Len Lichtenfeld, a physician blogger for the American Cancer Society, analyzed the task force's data in his blog post and summarized the ACS point of view on the controversy with a rational, point by point approach:
Mammograms are indeed successful in reducing deaths from breast cancer in all age groups
Since the actual incidence of breast cancer is less in women ages 40-49, the absolute/actual numbers of lives saved is also less; but lives are saved.
All this means is, you have to screen more women to get the same benefit.
Stated another way, the Task Force agrees that mammography reduces deaths in women ages 40-49; it just doesn't save enough lives, in their opinion.

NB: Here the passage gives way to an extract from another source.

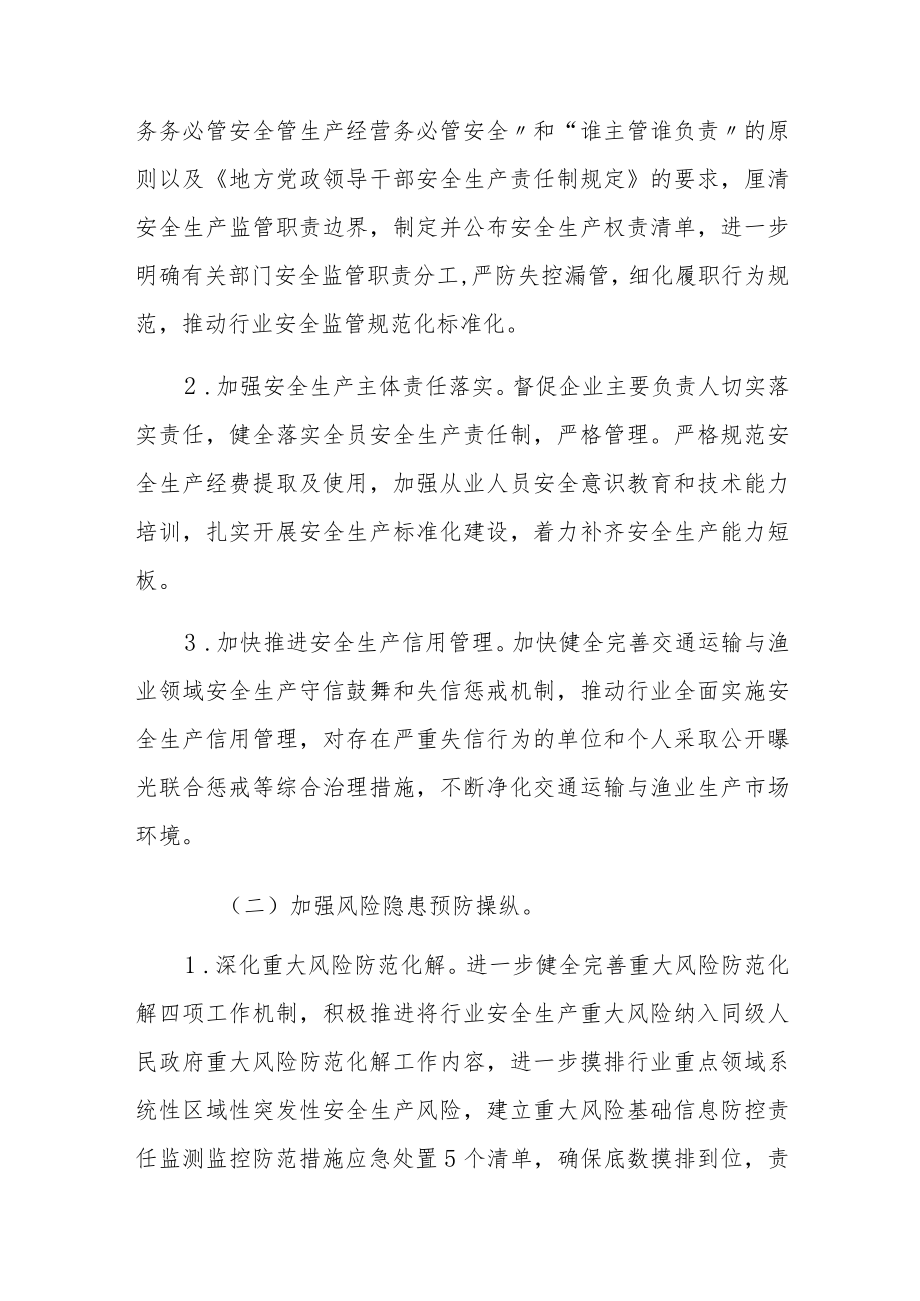 附8：交通运输和渔业船舶安全专项整治三年行动实施方案.docx_第2页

Lichtenfeld ends with this conclusion: "Until we have something better, what we have to work with to detect breast cancer early is the screening mammogram. Is it imperfect? Yes. Has it saved lives and reduced deaths from breast cancer? Absolutely. And that is the fact that simply cannot be ignored."
Lichtenfeld's blog generated a lot of comments from patients and doctors. Many are from women ages 30 to 50, detailing their battles with breast cancer, diagnosed via mammogram and breast exam. But this one from a Dr. Hampton says it all:
"As a breast surgeon focused on benign and malignant disease, and treating a young population of women, these guidelines will undo all of the work done thus far. I read in a CNN article that not one of the members of the task force is an oncologist (doctor who treats cancer).... I have plenty of patients in their 40's who might be dead if they had waited."
I'd love to hear the thoughts of Caring.com members on what's sure to become one of the biggest breast cancer controversies yet.